Using Git to Deploy Static Websites
After learning to use a version control system such as Git, its hard to imagine a time when a version control system wasn’t part of your workflow. Git especially, is very lightweight, extremely flexible and even comes with a whole suite of GUI-based tools as well.
My homepage is actually a static page, built mostly using bootstrap as the css framework, and a sprinkling of php in the middle. Its fairly simple, so I don’t really need any complicated deployment procedures. For a while, I would manually copy the files over to my remote server, after finishing my edits locally.
My laziness as a person has grown over the time as I’ve dug deeper and deeper into the software development hole, so I quickly grew tired of having to manually sync things to my web host. I initially thought of throwing a quick script with rsync, but then I ran across instructions on how to deploy a simple website using git.

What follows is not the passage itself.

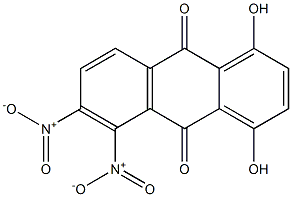 1,4-Dihydroxy-5,6-dinitroanthraquinone Struktur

I’m using essentially the same workflow for both my main website and my Jekyll blog. If you’re used to the git workflow integration with for example, Heroku, you’ll feel quite at home here. In summary, the idea is to add a post-receive hook into your remote git repository to checkout deploy your changes to the directory being served:
#!/bin/sh GIT_WORK_TREE=/path/to/webroot/of/mywebsite git checkout -f
Make sure you set the correct permissions:
chmod +x hooks/post-receive
I also keep my repository synced with GitHub, which is my
origin remote. My deployment
location is called
deploy webhost:git_repos/my-blog.git (fetch) deploy webhost:git_repos/my-blog.git (push) origin email@example.com:FFAxKenny/blog.git (fetch) origin firstname.lastname@example.org:FFAxKenny/blog.git (push)
Its not a very complicated setup, but if you’re used to working in the command line, and with git, you’ll feel quite at home with this setup. No fear, git is here (with a deployment flow)!